Your Letter by order of your Committee directed to Mr Cooper with the inclosed Resolves came to my hand this day. I shall as soon as possible call a Committee of the Town who are appointed to consider of Ways and Means for the Employment of the poor, and to appropriate and distribute such Donations as our generous friends shall make for the Reliefe of those Inhabitants who may be deprivd of the Means of Subsistence by the Operation of the Port Bill. This Committee consists of the standing Overseers of the poor who are to act in Concert with others who had been before appointed for the purposes above mentiond, as you will observe by the inclosed Votes of the Town. The principal Reason assignd in the Vote for joyning the Overseers is because by an Act of this province they are a corporate body empowerd to receive Monies &c for the Use of the poor, but those Gentlemen have since informd the others of the joynt Committee that they cannot consistently with the Act of their Incoporation admit of any but their own Body in the Distribution of the Monies that may at any time come into their hands for the Use of the poor. They are heartily desirous of acting in Concert agreable to the Vote of the Town but consider themselves as under Restraint by the Law. The Donors may if they please consign their Donations to any one Gentleman (William Phillips Esqr) to be appropriated for the EMPLOYMENT or RELIEFE of such Inhabitants of the Town of Boston as may be deprived of the Means of Subsistence by the Operation of the Act of Parliament commonly stiled the Boston Port Bill, at the best Discretion of the Overseers of the poor of Boston joynd by a Committee appointed by said Town to consider of Ways and Means for the Employment of the poor.
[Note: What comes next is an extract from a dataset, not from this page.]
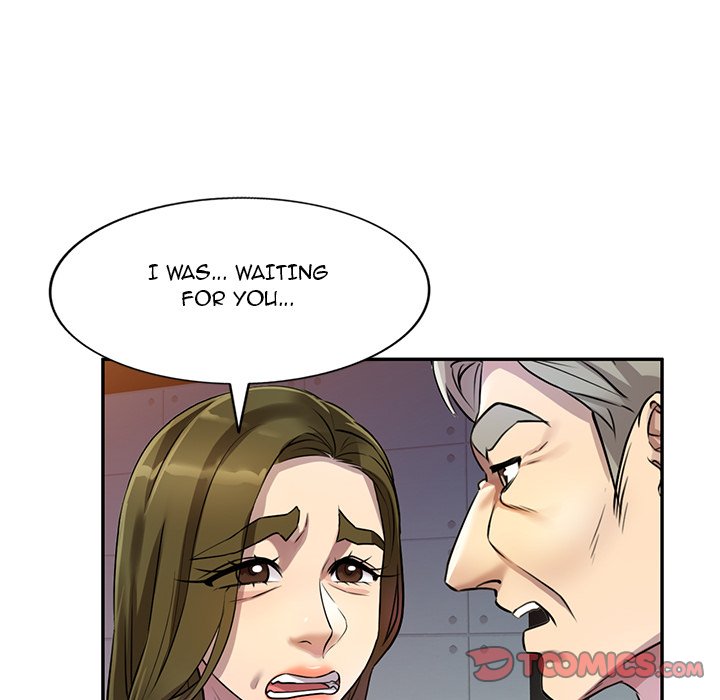 Secret Tutor Chapter 11 image 17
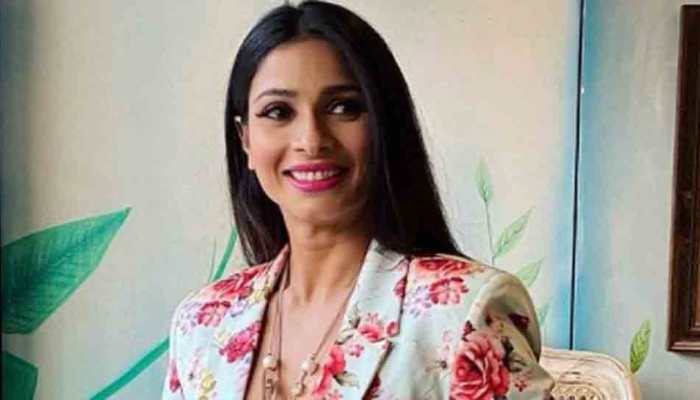 Kajol's sister Tanishaa Mukerji got married secretly? Her latest vacation photo sparks rumours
I have given my private Sentiment, and am with great Respect &
Gratitude to the Gentl of the City & County of Philadelphia,

Your friend & fellow Countryman,1

________________________________________________________________ 1In the interval before the date of the next letter an article signed "Candidus" was published in the Massachusetts Spy, July 7, 1774. This is attributed to Adams by W. V. Wells, and portions are printed in his Life of Samuel Adams, vol. ii., pp. 187,197.